Originally Posted by AnchorageGuy
Our blogs began back around 2008 and were for family and friends to keep up with where we were and what we were doing as well as a sort of journal for us to go back and revisit our experiences. They were eventually found by the pubic thanks to something called Google
. Our Beach House blog is closing in on one million visits and there is seldom a place we stop along our cruises that someone doesn't knock on the boat or walk over to us on the dock
and say how much they like our blog and follow us. We still do the blog for family and friends, but it's nice to know that others enjoy what we post and find the information useful. So we don't find anything 90's about at least our blog, and we will probably continue for a long, long time. Or at least as long as folks continue to visit. The best thing that I like about it is that it's absolutely free. Chuck
Very well put, Chuck. Our experiences exactly, except that we haven't actually left here in the boat yet. We, too, started a blog back around 07, at the suggestion of forum members on the then THT power boat/fishing forum. It was an immediate hit with our familes and friend in the US, as suddenly a way to keep track of where we were and what we were doing.
And now we're also quickly approaching a million page views, and people walk up to us in the hardware
store, or on the dock, and say similar things to what you're hearing. I've been working on the boat, and have complete strangers walk down the dock, smile, say they really enjoyed the blog, to keep it up, and we chat for a moment and they leave. We've probably met at least 50 people face to face as a result of strangers finding the blog while researching the Turks and Caicos
. And I couldn't even estimate the number of email
exchanges I have had with strangers who wrote us because of it. It would certainly be in the hundreds, and probably thousands by now. I'm expecting that to increase, if anything, when we get this boat away from the dock and really start some cruising. We have no scantily clad women. I'm not some professional photographer or writer, and yeah, the subject matter of people moving to islands has been well covered before. For centuries.

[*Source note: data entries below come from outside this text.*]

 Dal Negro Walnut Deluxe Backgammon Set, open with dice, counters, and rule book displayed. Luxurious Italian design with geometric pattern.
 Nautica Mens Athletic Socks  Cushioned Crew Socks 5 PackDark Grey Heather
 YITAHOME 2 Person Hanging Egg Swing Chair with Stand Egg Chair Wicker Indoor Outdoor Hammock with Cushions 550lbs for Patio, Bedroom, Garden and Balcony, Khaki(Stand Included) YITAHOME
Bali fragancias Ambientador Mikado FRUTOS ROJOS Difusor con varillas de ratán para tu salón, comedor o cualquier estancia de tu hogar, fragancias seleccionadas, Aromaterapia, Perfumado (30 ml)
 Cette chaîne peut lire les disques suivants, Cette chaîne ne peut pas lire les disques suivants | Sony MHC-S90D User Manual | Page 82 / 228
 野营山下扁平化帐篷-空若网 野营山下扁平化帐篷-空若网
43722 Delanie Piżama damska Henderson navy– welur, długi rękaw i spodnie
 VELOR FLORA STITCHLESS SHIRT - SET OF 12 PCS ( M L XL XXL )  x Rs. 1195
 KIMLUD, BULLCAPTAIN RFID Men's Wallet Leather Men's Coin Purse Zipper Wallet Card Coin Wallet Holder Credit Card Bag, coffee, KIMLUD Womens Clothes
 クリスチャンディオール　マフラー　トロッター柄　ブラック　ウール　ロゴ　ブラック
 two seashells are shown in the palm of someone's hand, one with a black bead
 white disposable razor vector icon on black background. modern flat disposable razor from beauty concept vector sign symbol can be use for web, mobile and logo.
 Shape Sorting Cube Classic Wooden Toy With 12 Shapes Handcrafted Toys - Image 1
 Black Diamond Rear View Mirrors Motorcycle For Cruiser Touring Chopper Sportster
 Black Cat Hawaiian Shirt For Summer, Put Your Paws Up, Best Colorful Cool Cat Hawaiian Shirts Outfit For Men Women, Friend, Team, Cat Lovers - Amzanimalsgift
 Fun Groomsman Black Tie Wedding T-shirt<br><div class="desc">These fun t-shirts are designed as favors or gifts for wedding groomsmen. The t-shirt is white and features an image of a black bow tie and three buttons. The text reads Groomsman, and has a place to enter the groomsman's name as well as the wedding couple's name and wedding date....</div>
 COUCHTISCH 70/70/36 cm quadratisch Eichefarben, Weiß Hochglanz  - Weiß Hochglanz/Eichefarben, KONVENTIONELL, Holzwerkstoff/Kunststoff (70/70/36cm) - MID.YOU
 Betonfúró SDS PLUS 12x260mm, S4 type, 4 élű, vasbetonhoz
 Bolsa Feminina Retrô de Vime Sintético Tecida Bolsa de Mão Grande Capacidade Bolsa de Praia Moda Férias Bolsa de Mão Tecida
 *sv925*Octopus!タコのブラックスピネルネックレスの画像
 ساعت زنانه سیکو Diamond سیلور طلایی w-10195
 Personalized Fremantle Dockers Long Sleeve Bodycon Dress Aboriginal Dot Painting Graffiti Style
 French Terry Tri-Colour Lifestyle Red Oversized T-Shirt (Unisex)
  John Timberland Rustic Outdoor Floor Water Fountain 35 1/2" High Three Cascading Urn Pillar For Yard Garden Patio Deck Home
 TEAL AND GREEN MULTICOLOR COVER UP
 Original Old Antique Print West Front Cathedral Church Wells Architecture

I've kept it G rated. I stay away from politics and religion. I try to make it about our experiences and what we see, and not so much about us. I know of at least one entire class of seventh grade science students who have been reading about the Kite Aerial Photography
. Their teacher met us on Pine Cay, and put them on to it, and it's now a class project
I think that's pretty dang cool. I just taught 30 kids
I never met how to take aerial photos with a kite. And as long as people want to read a blog about what we're doing, I'll probably keep writing it. For friends I know, and for those friends I just haven't met yet.